The recent study can help reconstruct the original Gondwanaland break up & dispersal that led to present-day configuration of continents
Sketch showing a possible geological cross-section along a N-S profile (along 73.25° longitude) over the Greater Maldive Ridge
In a recent study, researchers traced the tectonic evolution and the nature of the Greater Maldive Ridge (GMR) --- a very crucial geodynamic features in the western Indian Ocean whose origin has been the centre of many a scientific debate.
The study can help reconstruct the original Gondwanaland break up and dispersal that led to present-day configuration of continents, continental fragments, and formation of ocean basins in the Indian Ocean.
The Maldive Ridge is an aseismic ridge that is not associated with earthquake activities. This ridge, located in the western Indian Ocean, southwest of India, is not well investigated. It is of paramount importance to gain knowledge on the structure and geodynamics of aseismic ridges (as it provides valuable inputs towards understanding the evolution of ocean basins).
The study by the Indian Institute of Geomagnetism, Mumbai, an autonomous institute of the Department of Science & Technology, Govt. of India, has chalked the possible geological cross-sections along the GMR for the first time with the help of satellite-derived high-resolution gravity data. The researchers postulated that the GMR may be underlain by an oceanic crust. The results from their study can provide additional constraints in understanding the plate-tectonic evolution of the Indian Ocean, better.
The research work carried out by Dr. Priyesh Kunnummal under the guidance of Dr. S.P. Anand provides the crustal architecture and the state of gravitational equilibrium between Earth's crust and mantle (isostasy) of the Greater Maldive Ridge segment of the larger Chagos-Laccadive Ridge (CLR) system. Their study, based mainly on the interpretation of gravity anomalies (small differences in the pull of gravity caused by the lateral variations of density within the subsurface) with broadband seismic and refraction seismic data, provided for the first time a three-dimensional picture of the variation of Moho along the Greater Maldive Ridge and the adjoining ocean basins. The depth to the boundary between the earth’s crust and the mantle or the Mohorovicic discontinuity (Moho) over the GMR was systematically mapped along with the finer variation of effective elastic thickness (Te) at the place. The research related to Te variations and isostatic compensation has been published recently in the journal ‘Gondwana Research’.

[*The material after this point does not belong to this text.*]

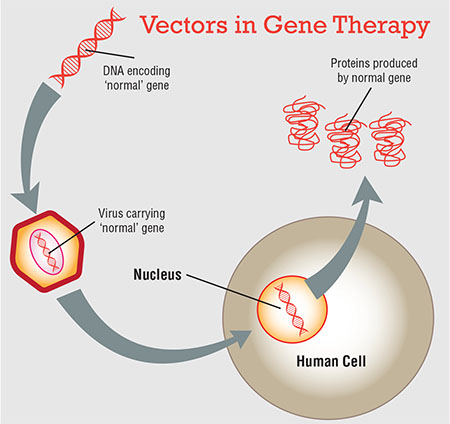 Effects Of Gene Therapy On Children And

IIG team found that Moho is deeper over the Maldive Ridge (MR) segment and shallows southwards in the Deep Sea Channel region (DSC). However, the effective elastic thickness (a proxy for the strength of the lithosphere) values were lower over the MR compared to DSC region. Maldive Ridge and Deep Sea Channel region may probably be oceanic in nature with the presence of underplated materials associated with the Reunion hotspot volcanism. The research suggests that Maldive Ridge might have formed in the close vicinity of the Mid-Oceanic Ridge (where creation of a new ocean floor occurs due to divergent motion of lithospheric plates or spreading centre). Meanwhile, the DSC region was under a long transform fault (offset between the spreading centres, which neither create nor destroy lithosphere), which hindered melt production and gave rise to gap between Chagos and Maldive Ridge during the Plume-ridge interaction.
Satellite-derived gravity anomalies are very helpful in deciphering the crustal architecture where traditional shipborne geophysical data are either not available or scanty.
“The study provides new insights into the crustal architecture, isostatic compensation mechanism, and the tectonic evolution of the Greater Maldive Ridge, said Dr. Priyesh.